◆ INPUT:
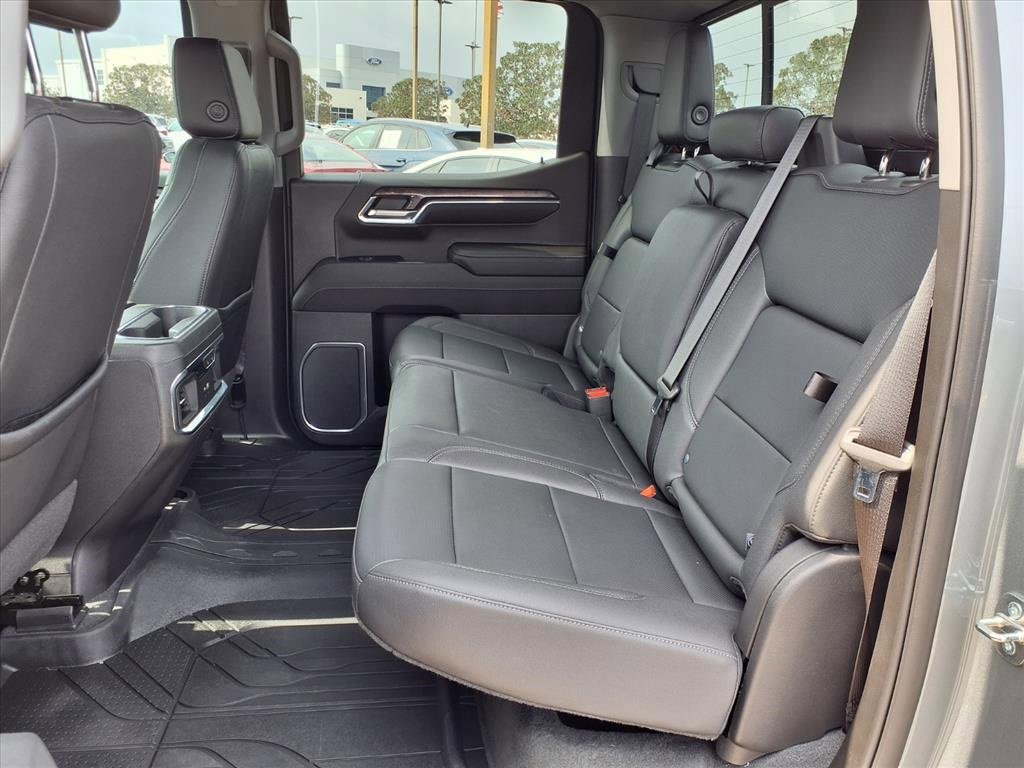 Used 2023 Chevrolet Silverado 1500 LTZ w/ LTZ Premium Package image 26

==

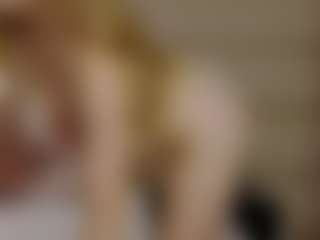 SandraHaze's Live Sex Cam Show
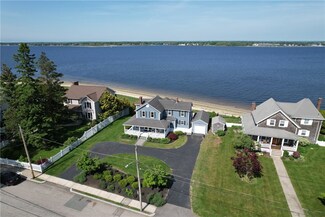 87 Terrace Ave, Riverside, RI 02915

◆ TASK OBJECTIVE: Only the lines of the listing above from the one with "SandraHaze's Live Sex Cam Show" through the one with "87 Terrace Ave, Riverside, RI 02915" should be output, exactly, with both ends kept and pictures left out.

◆ WRITTEN ANSWER:
 SandraHaze's Live Sex Cam Show
 87 Terrace Ave, Riverside, RI 02915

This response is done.